Who: Samuel van der Veer (20)
Education: bachelor Dance (3B); before that, the Havo/vwo for Music and Dance
Lives in: Rotterdam
What makes your dance heart beat faster at the moment?
‘Contemporary work. Basically, everything the Nederlands Dans Theater (NDT) is doing. I’m very much looking forward to my internship with them! I especially like Edward Clug’ work. He has a knack for leaving out superfluous elements and that’s what makes his work so pure. But what appeals to me most as a dancer is the musicality, playfulness, and complexity of the movement material.’
What do your school days look like now?
‘The online dance classes are shorter than the regular ones in the studio. Now, we have two hours of class each day. Normally, in the studio, that would be almost eight hours. The focus now lies elsewhere. I pay much more attention to how to distribute my weight and to my alignment. I’m exploring how I can make the biggest movements within my own space. There is a lot to discover there. The emphasis is much more on movement science: being aware of parts of your body. This also comes in very useful in dance improvisation.’
How do you spend your free time?
‘With my room- and classmate I share an interest in electronic music. Together with a third student we founded Octagon Blues, an interdisciplinary art collective. Our whiteboard is practically covered in ideas. Soon we’ll release our first album! To stay physically fit I go out on my racing bike, cycling to Delft and back again. Of course, I want to be in top shape when my internship starts.

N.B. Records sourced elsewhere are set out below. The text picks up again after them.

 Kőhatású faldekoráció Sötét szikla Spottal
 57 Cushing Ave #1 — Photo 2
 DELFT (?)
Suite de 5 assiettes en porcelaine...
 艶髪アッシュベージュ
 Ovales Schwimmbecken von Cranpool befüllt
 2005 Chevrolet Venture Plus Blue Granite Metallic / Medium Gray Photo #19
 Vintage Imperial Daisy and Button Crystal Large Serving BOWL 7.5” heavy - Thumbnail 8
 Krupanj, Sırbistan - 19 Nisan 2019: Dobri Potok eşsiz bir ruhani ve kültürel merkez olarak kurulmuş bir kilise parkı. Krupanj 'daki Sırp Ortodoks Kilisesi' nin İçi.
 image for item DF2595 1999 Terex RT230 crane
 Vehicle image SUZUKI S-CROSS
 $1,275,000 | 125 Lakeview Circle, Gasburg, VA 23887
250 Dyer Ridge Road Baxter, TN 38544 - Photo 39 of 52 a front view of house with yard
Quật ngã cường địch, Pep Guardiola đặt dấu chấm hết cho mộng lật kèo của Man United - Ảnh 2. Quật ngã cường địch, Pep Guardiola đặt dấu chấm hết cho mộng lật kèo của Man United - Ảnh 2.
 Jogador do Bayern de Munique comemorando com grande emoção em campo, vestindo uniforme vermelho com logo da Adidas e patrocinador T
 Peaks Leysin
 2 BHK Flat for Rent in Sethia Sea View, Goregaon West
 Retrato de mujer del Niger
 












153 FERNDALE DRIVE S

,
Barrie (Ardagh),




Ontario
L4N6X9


And I’m experimenting with Indonesian cooking. I finally have the time to make real rendang.’
How do you see the near future of the dance world?
‘I think that as a world population we are experiencing a group catharsis. As makers we have to anticipate, exploit this time and keep inspiring each other. Dance has always been a kind of mirror. And fortunately, there’s a lot happening online already. For instance, the project “Monuments in Solitude” by Conny Janssen Danst, in which the dancers create solos. That is something we must keep on doing. I think that it’s very important to maintain rhythm. Continuing what we were doing before this crisis as best we can. That we take it upon ourselves to provide some relief for all the bad news. Now more than ever.’